Makanya selaku hamba Allah jangan sekali-kali mencari gara-gara dengan sang
Pencipta, jika Allah sudah memerintahkan kepada kita maka tunaikanlah perintah
tersebut. Perbaiki shalat kita dengan Allah, perbaiki puasa kita dengan Allah,
jangan sekali-kali membuat dosa dan murka kepada Allah, jangan sampai Allah
marah kepada kita.
Maka jika
kita ingin mendapatkan gelar al-mabrur, bukan hanya memperbaiki hablun
minallah, tetapi hablun minan naas kalimat Wala ta’awanu alal ismi wal udwan
adalah salah satu pernyataan Allah untuk mempertegaskan kepada kita agar
tidak sekali-kali membuat permusuhan antar sesama. Jika hablun minallah sudah
baik maka jadikan juga hablun minan naas tidak cukup dengan ibadah, shalat,
puasa, zakat dan haji saja namun dibutuhkan juga dengan hubungan baik antar
sesama manusia. Bayangkan saja jika dengan hablun minallah saja bisa masuk
syurga maka Rasulullah tidak akan turun dari gua hira beliau akan terus
bertahanus, beliau akan terus bertahlil dan akan terus berzikir tidak akan mau
turun dari gua hira jika hablun minallah saja yang bisa masuk syurga. Sekali-kali
tidaklah demikian juga jika ingin mendapatkan gelar al-mabrur maka perbaiki
hubungan kita dengan Allah dan perbaiki juga hubungan kita dengan sesama
manusia.
Bagaimana
cara kita memperpaiki hablun minan naas salah satunya jangan suka mencaci,
memaki, menghina dan jangan suka menjatuhkan orang lain di depan orang lain
lagi. Kita jatuhkan martabat dia, kita jatuhkan harga dirinya, kita zalimi dia
maka tidak ada gunanya sama sekali meskipun bagus bacaan al-Qur’an, shalatnya
bagus, puasanya bagus, maka sungguh tidak akan memadai jika dengan membaca
al-Qur’an, shalat, puasa dan zakat bahkan haji berkali-kali umrah setiap tahun
kita belum mendapatkan gelar al-mabrur jika hubungan dengan manusia belum baik.
Misalkan saja untuk senyum saja kepada tetangga tidak pernah ada apalagi saling
tegur sapa.

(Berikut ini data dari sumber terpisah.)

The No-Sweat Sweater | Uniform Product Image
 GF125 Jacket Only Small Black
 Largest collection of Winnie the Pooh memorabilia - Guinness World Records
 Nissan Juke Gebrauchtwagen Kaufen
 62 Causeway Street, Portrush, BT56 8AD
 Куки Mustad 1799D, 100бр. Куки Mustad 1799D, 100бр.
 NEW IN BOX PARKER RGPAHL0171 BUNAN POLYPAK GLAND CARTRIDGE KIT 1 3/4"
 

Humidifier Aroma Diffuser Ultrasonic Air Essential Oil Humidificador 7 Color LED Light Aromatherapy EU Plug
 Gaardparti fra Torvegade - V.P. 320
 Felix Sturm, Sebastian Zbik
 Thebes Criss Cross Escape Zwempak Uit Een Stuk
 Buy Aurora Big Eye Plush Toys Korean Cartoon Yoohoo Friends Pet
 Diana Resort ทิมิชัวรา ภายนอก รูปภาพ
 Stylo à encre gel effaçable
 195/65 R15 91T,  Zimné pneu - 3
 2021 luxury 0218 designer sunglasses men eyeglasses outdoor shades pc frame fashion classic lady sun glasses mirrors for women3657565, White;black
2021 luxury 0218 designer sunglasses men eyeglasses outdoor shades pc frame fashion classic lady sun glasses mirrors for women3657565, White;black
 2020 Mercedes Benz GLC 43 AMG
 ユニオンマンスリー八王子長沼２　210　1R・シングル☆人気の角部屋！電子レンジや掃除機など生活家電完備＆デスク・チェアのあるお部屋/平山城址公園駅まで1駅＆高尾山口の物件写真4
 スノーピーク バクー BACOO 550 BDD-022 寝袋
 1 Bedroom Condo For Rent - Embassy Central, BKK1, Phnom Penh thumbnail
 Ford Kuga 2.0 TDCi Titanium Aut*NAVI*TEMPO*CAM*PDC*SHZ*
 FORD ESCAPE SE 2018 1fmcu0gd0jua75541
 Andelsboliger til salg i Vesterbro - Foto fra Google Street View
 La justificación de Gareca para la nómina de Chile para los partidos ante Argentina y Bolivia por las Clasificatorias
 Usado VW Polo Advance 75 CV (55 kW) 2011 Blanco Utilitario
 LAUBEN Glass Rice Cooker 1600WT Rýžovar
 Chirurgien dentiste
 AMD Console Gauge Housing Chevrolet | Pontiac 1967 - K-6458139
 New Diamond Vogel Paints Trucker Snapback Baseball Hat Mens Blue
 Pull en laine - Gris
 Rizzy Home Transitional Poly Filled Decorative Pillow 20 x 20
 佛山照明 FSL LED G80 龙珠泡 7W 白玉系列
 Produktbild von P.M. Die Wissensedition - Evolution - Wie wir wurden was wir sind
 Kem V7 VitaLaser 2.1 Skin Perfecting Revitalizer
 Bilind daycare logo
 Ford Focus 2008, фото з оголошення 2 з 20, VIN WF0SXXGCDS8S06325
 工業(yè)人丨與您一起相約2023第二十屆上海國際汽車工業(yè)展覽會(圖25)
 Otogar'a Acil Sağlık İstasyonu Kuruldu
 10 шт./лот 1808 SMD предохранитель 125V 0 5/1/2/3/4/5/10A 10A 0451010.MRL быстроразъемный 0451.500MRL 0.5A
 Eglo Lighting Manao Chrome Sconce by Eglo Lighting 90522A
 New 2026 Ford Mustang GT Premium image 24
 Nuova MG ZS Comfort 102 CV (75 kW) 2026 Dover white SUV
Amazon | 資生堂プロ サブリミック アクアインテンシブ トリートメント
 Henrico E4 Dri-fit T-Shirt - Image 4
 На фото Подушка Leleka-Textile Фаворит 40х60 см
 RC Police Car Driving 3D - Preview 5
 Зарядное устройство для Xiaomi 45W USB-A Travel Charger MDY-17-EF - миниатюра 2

Dengan tetangga tidak pernah saling menghargai, dengan tetangga
tidak saling menghormati, sehingga dengan sesama manusia yang ada perasaan
dengki dan iri hati. Jika melihat orang lain ada saja yang di salahkan sehingga
membenarkan diri sendiri, dengan mengaggap dirinya yang paling benar. Jika
perasaan takjub dan takabur sudah melekat pada diri kita maka apapun pahala
ibadah yang telah dilakukan tidak kita tidak termasuk dari golongan al-mabrur.
Maka cobalah kita saling harga menghargai, hormat-menghormati, karena kita
tidak bisa hidup secara mandiri cukup dengan keyakinan diri sendiri atau
pendapat sendiri saja kita menjalani kehidupan ini dengan cara beragam. Sebagai
contoh ada dalam sebuah masjid ada tradisi zikir setelah shalat ataupun setelah
azan ada doanya tetapi ada juga dalam satu-satu masjid setelah shalat tidak ada
doa maupun zikir tetapi zikirnya hanya ada di dalam hati sehingga jika kita
yang memang melakukan zikirnya di dalam hati hargai orang yang berzikir secara
jihar, begitu juga jika ada saudara kita yang sedang berzikir maka boleh
bersabar sejenek sebelum melakukan ibadah shalat sunah ba’diyah sehingga inilah
yang harus di tanamkan dengan sifat saling menghargai. Inilah yang disebutkan
dengan hablun minan naas. Sehingga sehebat apapun kita, jika hanya mengandalkan
baik hubungan dengan Allah saja tetapi tidak baik hubungan dengan manusia maka
kita belum termasuk orang-orang yang al-mabrur. Semoga.